Thanks everyone for all of the messages. I appreciate every click in my blog, so thank you for viewing, and thanks to those who leave comments too. I apologize that I don’t get back to everyone, but I know as part of my support team that you understand.
I have struggled a bit from the beginning of “going public” because this is a time where I should be going inward and spending a lot of time focusing on that quiet healing, rather than being so outward and sitting here typing on a blog (for instance what would seem to feed me more right now…a few minutes blogging in front of this screen or a few minutes of deep breathing, bathing my organs, maybe doing a few qigong exercises before going back to sleep for a few hours???) We all know the answer! But being on the computer, doing the ride, sharing my story with people on the road and in the media has all fed me in another and important way so I am really trying to strike a balance.
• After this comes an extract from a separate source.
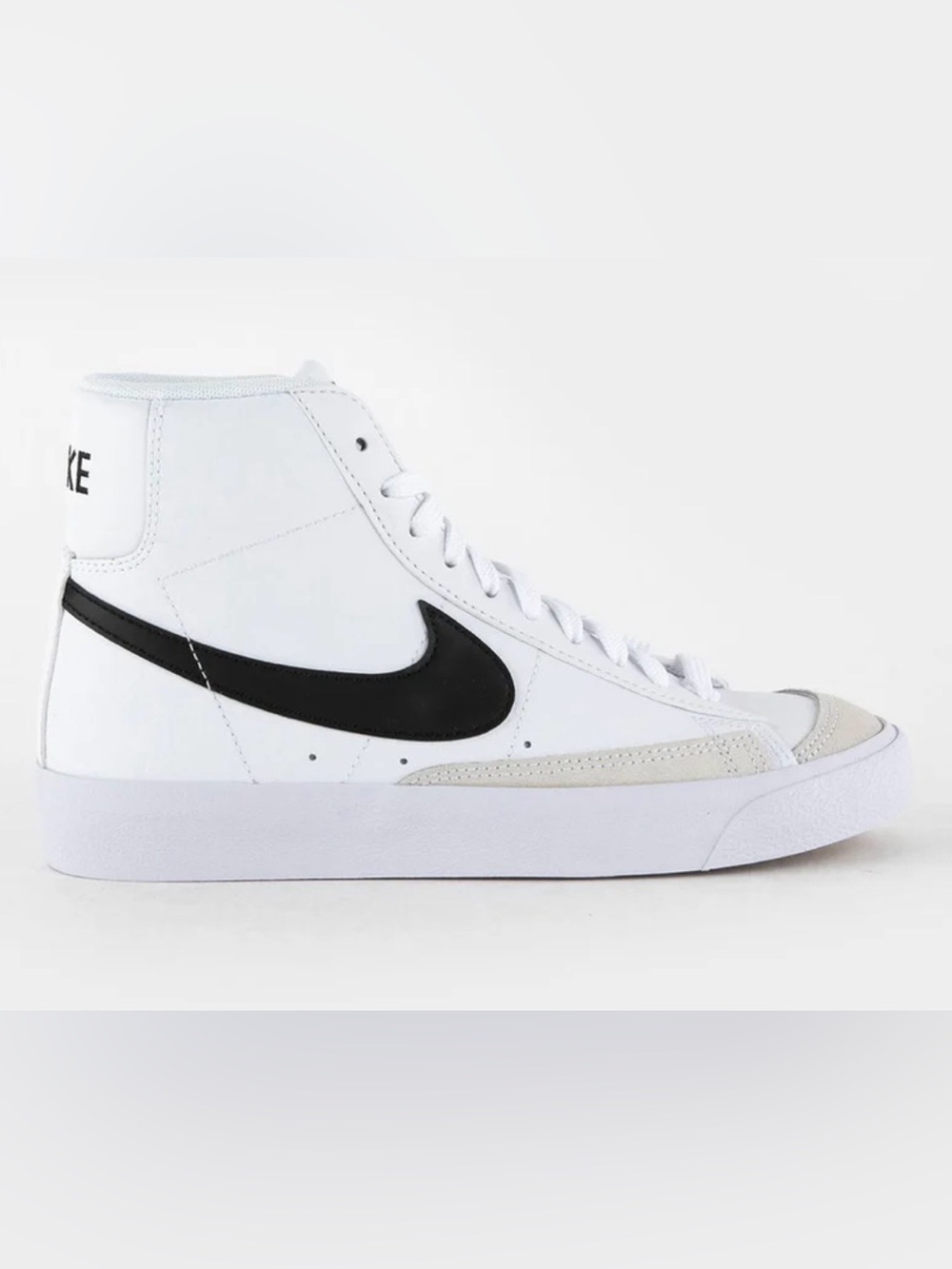 EUC Nike Big Kids Blazer Mid '77 Sneakers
So, I have not talked much about the chemotherapy itself mainly in an effort not to bore! In a nutshell, I received two chemotherapy medicines (I prefer the term medicine to drug) Adriamycin (102 mg), and Cytoxan (1020 mg). I also received two anti-nausea medicines through the IV.
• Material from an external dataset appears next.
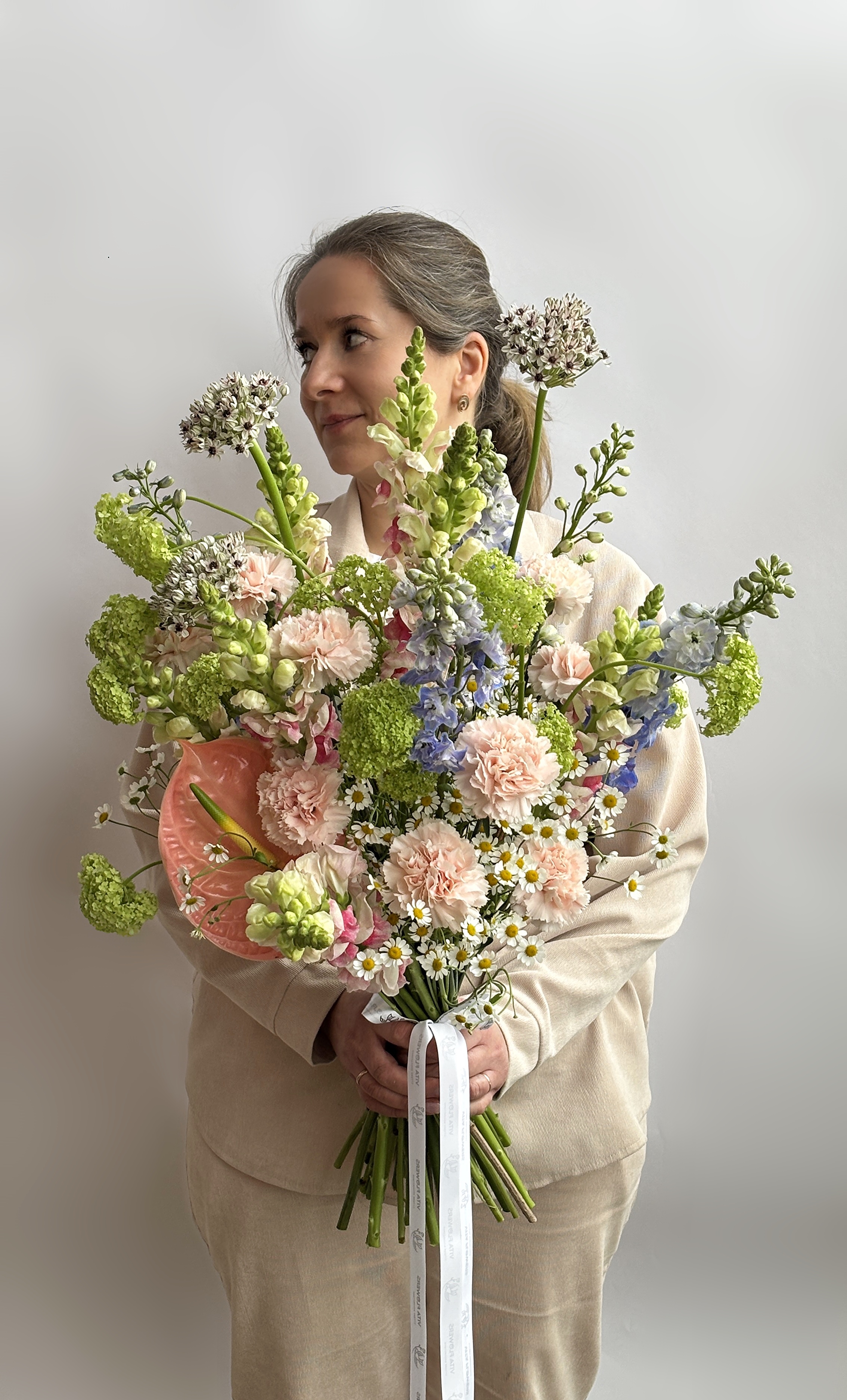 Букет с антуриумом и аллиумом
So, those medicines are currently cruising my body on a search and destroy mission targeting all rapidly dividing cells. This is why there are side effects such as hair loss, mouth sores, skin changes, among other crazy things you would never wish for yourself or anyone else. Someday perhaps they will find a way to target only cancer cells, but until then it is the best we have with the chemotherapy route. So, as I begin to experience these less than ideal side effects, I will go to a place of “Sweeeet! The medicines are working! Go medicine go! Nicole 10, cancer zero…. And btw don’t worry about me losing my hair in a few weeks (likely), I intend to rock the chemo/cancer patient look.
So, I am entering Day 4 and so far have experienced a small amount of nausea. I really can’t complain. As I mentioned in a previous post, I had Jin Shin Jyutsu treatment by Corliss Chan, a certified practitioner at the Marin Cancer Institute, while in the chair during chemotherapy as part of the integrative “whole person” program provided at the Center. The harp music in the chair was also beneficial on a healing level. Jin Shin Jyutsu facilitates the body’s healing capacity through helping balance its energy. It supports the body, mind and spirit through gentle touch, and helps many cancer patients experience reduced fatigue, anxiety, stress, and physical discomfort. Furthermore it increases energy, relaxation and just plain’ ol feels nurturing!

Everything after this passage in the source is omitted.